Symbolbild. | Foto: Über dts Nachrichtenagentur

Paris. Die französische Außenministerin Catherine Colonna hält es für falsch, Mali weiterhin mit Entwicklungshilfe zu unterstützen. "Wir sind der Ansicht, dass die Präsenz der Wagner-Gruppe die Fortsetzung unserer Unterstützung in Mali verbietet", sagte sie der "Frankfurter Allgemeinen Zeitung" (Samstagsausgabe).


Frankreich hat im Gegensatz zu Deutschland die Entwicklungshilfezahlungen an Mali eingestellt. "Mali hat ein Problem mit der internationalen Gemeinschaft. Wir sollten härter darauf reagieren", forderte Colonna. Die Bundeswehr hat mit ihrem erzwungenen Abzug aus Mali begonnen.

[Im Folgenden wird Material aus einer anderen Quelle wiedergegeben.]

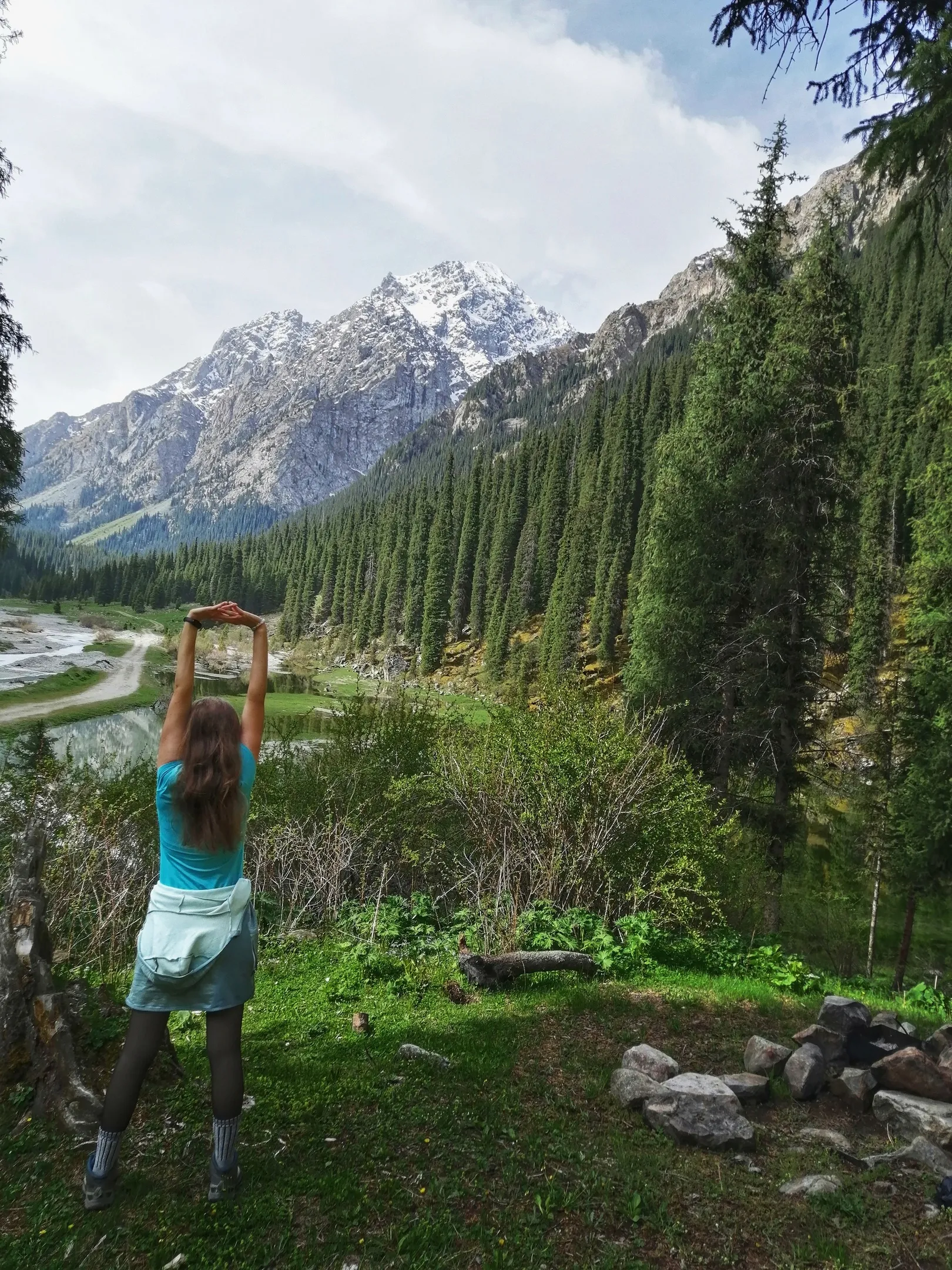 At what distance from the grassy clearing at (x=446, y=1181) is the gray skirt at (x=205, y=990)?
920 millimetres

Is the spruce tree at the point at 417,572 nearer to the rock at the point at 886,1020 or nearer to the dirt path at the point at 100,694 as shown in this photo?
the dirt path at the point at 100,694

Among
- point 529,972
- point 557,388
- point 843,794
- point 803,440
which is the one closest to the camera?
point 529,972

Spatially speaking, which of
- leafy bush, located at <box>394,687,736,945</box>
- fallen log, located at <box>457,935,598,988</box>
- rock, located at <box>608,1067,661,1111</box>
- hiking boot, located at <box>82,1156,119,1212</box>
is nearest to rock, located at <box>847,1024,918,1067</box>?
rock, located at <box>608,1067,661,1111</box>

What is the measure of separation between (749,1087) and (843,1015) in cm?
152

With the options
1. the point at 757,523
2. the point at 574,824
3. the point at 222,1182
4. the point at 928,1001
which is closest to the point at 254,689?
the point at 222,1182

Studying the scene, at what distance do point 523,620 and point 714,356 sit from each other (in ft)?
172

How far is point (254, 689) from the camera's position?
3922 mm

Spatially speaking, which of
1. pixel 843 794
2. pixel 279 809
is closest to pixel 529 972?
pixel 279 809

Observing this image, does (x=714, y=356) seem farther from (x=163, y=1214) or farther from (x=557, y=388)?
(x=557, y=388)

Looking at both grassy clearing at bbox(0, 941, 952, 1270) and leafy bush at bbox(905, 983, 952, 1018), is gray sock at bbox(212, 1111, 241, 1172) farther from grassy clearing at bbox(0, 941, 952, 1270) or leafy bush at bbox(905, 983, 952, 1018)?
leafy bush at bbox(905, 983, 952, 1018)

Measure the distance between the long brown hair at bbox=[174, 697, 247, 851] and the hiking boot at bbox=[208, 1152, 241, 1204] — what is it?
1.52 meters

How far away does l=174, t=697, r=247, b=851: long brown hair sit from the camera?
323 centimetres

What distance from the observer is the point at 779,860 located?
1429cm

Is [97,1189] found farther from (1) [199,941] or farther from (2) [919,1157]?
(2) [919,1157] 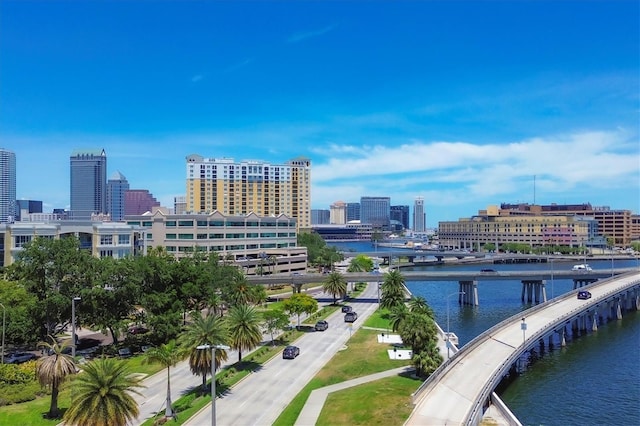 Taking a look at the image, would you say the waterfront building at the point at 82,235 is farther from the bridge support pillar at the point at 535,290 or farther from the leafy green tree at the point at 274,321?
the bridge support pillar at the point at 535,290

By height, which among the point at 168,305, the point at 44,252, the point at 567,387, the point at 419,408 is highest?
the point at 44,252

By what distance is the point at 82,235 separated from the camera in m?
104

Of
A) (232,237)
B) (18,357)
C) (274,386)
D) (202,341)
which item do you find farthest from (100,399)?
(232,237)

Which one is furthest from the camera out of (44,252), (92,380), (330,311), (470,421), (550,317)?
(330,311)

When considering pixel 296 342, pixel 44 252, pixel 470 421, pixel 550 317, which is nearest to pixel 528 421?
pixel 470 421

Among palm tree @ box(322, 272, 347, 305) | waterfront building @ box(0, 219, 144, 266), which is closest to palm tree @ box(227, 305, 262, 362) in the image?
palm tree @ box(322, 272, 347, 305)

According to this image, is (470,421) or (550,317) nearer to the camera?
(470,421)

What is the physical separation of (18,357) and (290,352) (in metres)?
33.0

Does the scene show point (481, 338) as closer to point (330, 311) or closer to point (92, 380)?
point (330, 311)

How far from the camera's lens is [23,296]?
208 ft

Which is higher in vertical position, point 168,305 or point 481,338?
point 168,305

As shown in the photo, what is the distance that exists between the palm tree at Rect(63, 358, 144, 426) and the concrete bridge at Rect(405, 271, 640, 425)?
22240mm

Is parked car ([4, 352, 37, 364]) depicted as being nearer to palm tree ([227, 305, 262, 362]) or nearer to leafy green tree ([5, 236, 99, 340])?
leafy green tree ([5, 236, 99, 340])

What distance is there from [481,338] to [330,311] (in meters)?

Zugleich ist Entwicklungshilfe in Höhe von 69 Millionen Euro über zwei Jahre geplant. "Die Militärs an der Macht sind Partner von Wagner, dieser russischen Söldnergruppe, die nicht gegen den Terrorismus kämpft, sondern zahlreiche, von den Vereinten Nationen dokumentierte Übergriffe gegen Zivilisten begangen hat, Verbrechen und Vergewaltigungen und die Bodenschätze plündert", sagte die französische Außenministerin. "Die Zeit spielt gegen Russland."